Thermal Leaks

How to Find Thermal Leaks in Your Home: 6 Proven Methods (From Free to Thermal Cameras)

Stop paying to heat the outdoors. The average home bleeds $200–$500 per year through invisible drafts. Here is every method — from a free incense test to professional-grade thermal cameras — so you can find the exact problem and fix it this weekend.

Updated May 2026 · 18 min read · EcoHome Intelligence
EcoHome Intelligence — We test home energy products for payback time, reliability, and ease of use. We participate in the Amazon Associates program.

In This Guide

  1. What Thermal Leaks Actually Cost You
  2. Method 1: The Free Incense Test
  3. Method 2: The Hand Test (Nighttime)
  4. Method 3: Basic Thermal Leak Detector ($25-$40)
  5. Method 4: Thermal Imaging Camera ($200-$500)
  6. Method 5: Blower Door Test (Professional)
  7. Method 6: Smoke Pencil ($15)
  8. Which Method Should You Use?
  9. How to Seal What You Find
  10. Frequently Asked Questions

What Thermal Leaks Actually Cost You

Most homeowners know their house is drafty. What they don't know is the exact price tag.

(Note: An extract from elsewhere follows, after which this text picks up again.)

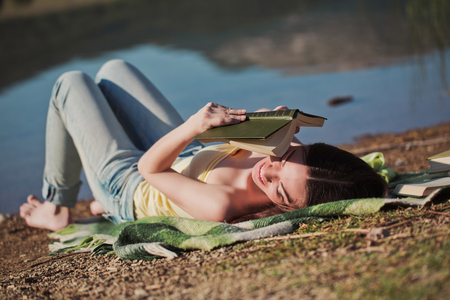 Beautiful woman reading book near the mountain lakeの写真素材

The U.S. Department of Energy estimates that air leaks account for 25–40% of home heating and cooling costs. For a household spending $2,000 per year on energy, that is $500–$800 flying out the window — literally.

The worst part? You cannot see the leak. It is invisible, silent, and constant. Your heating system works harder every day to compensate for a problem you have not located yet.

Here is what that looks like room by room:

Total for an average home: $200–$500/year. Severe leaks in older homes or poorly maintained properties can exceed $800/year.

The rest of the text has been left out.